/kaggle-spaceship-titanic

Kaggle's data science problem to predict whether a passenger was transported to an alternate dimension during the Spaceship Titanic's collision with the spacetime anomaly.

Primary LanguageJupyter Notebook

Kaggle's Spaceship Titanic

This repo contains notebooks I used in Kaggle's Spaceship Titanic: Predict which passengers are transported to an alternate dimension.

Dataset Description


In this competition your task is to predict whether a passenger was transported to an alternate dimension during the Spaceship Titanic's collision with the spacetime anomaly. To help you make these predictions, you're given a set of personal records recovered from the ship's damaged computer system.

File and Data Field Descriptions

================================

  • train.csv - Personal records for about two-thirds (~8700) of the passengers, to be used as training data.
    • PassengerId - A unique Id for each passenger.
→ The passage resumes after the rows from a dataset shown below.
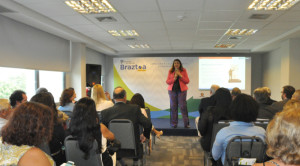 Magda Nassar em palestra no ECB-Rio 2016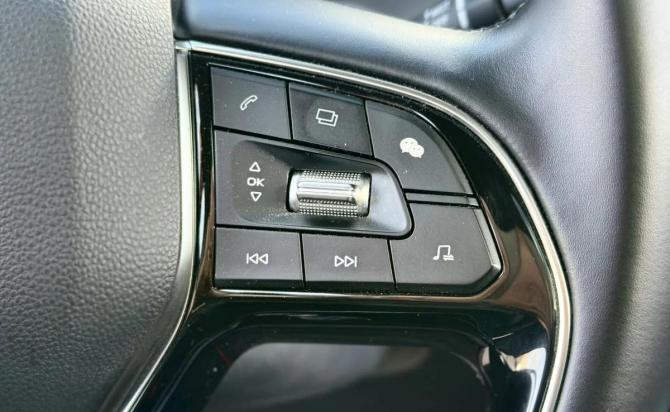 Changan CS75 Plus I Рестайлинг с пробегом 2023 года, цена 2 450 000 рублей, 27900 км, внедорожник, Автокод Объявления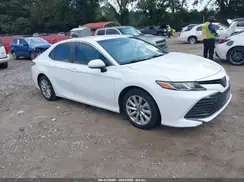 4T1B11HK3JU044579 2018 TOYOTA CAMRY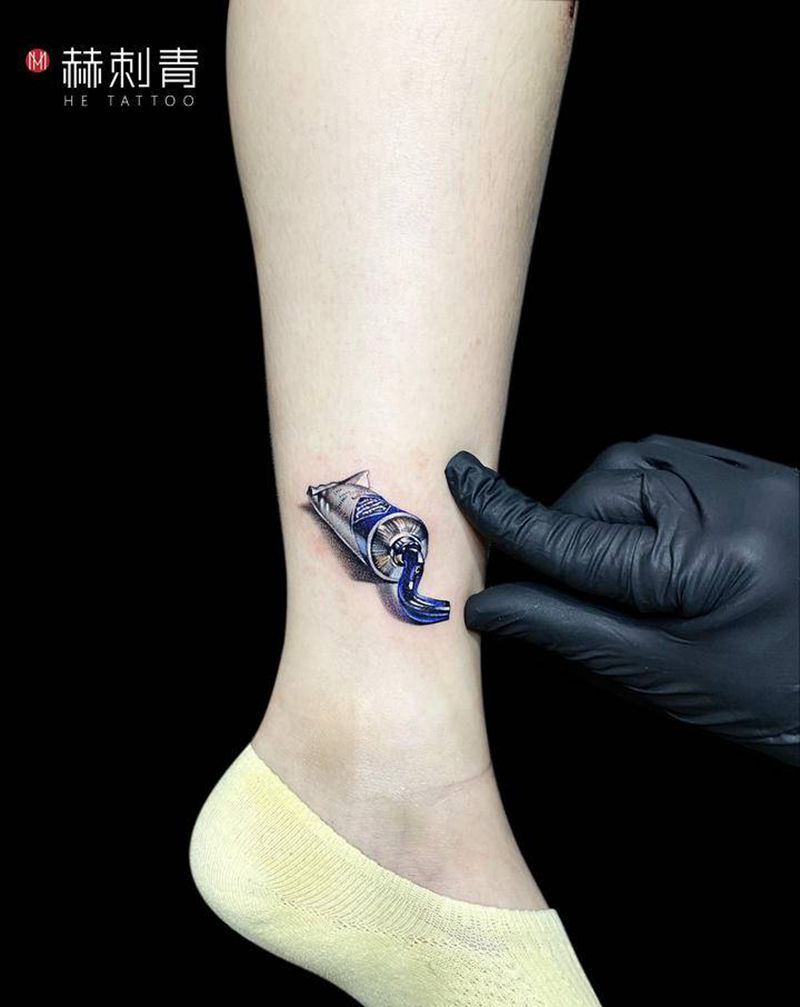 2020迷你图第一名纹身图片_腿部欧美写实纹身图案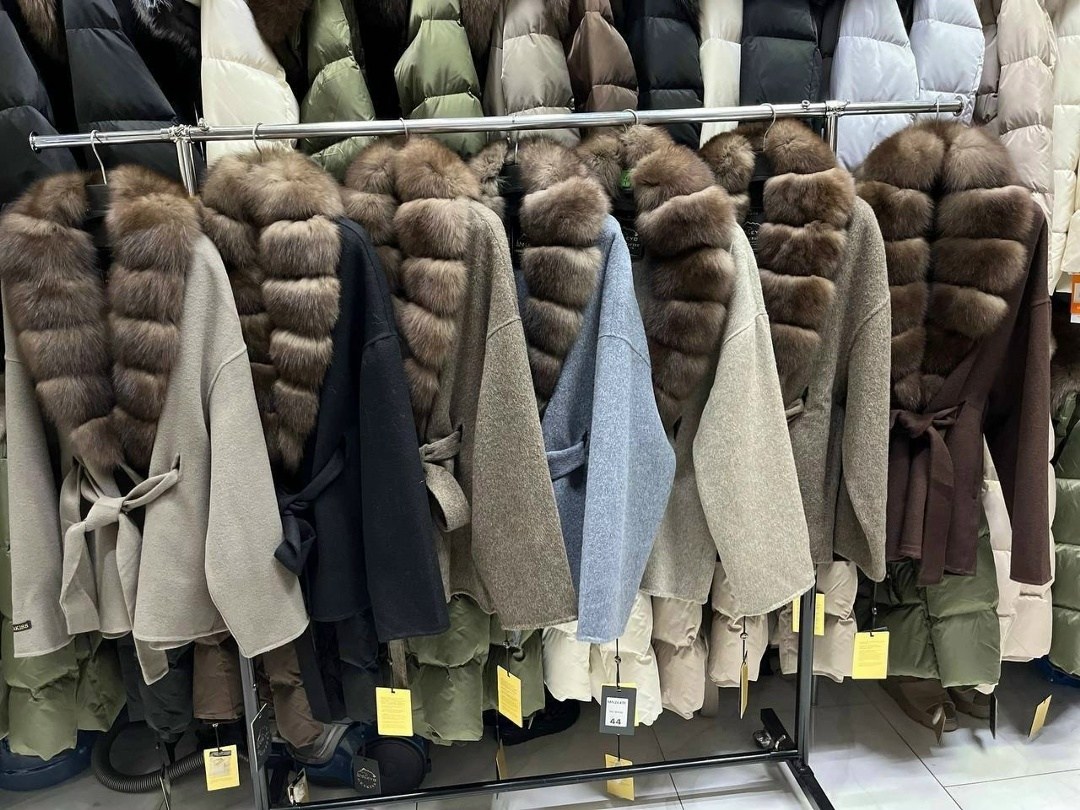 пальто с мехом,пальто с натуральным мехом,пальто с мехом соболя,пальто женские,пальто соболь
Each Id takes the form gggg_pp where gggg indicates a group the passenger is travelling with and pp is their number within the group. People in a group are often family members, but not always.
    • HomePlanet - The planet the passenger departed from, typically their planet of permanent residence.
    • CryoSleep - Indicates whether the passenger elected to be put into suspended animation for the duration of the voyage. Passengers in cryosleep are confined to their cabins.
    • Cabin - The cabin number where the passenger is staying. Takes the form deck/num/side, where side can be either P for Port or S for Starboard.
    • Destination - The planet the passenger will be debarking to.
    • Age - The age of the passenger.
    • VIP - Whether the passenger has paid for special VIP service during the voyage.
    • RoomService, FoodCourt, ShoppingMall, Spa, VRDeck - Amount the passenger has billed at each of the Spaceship Titanic's many luxury amenities.
    • Name - The first and last names of the passenger.
    • Transported - Whether the passenger was transported to another dimension. This is the target, the column you are trying to predict.
  • test.csv - Personal records for the remaining one-third (~4300) of the passengers, to be used as test data. Your task is to predict the value of Transported for the passengers in this set.
  • sample_submission.csv - A submission file in the correct format.
    • PassengerId - Id for each passenger in the test set.
    • Transported - The target. For each passenger, predict either True or False.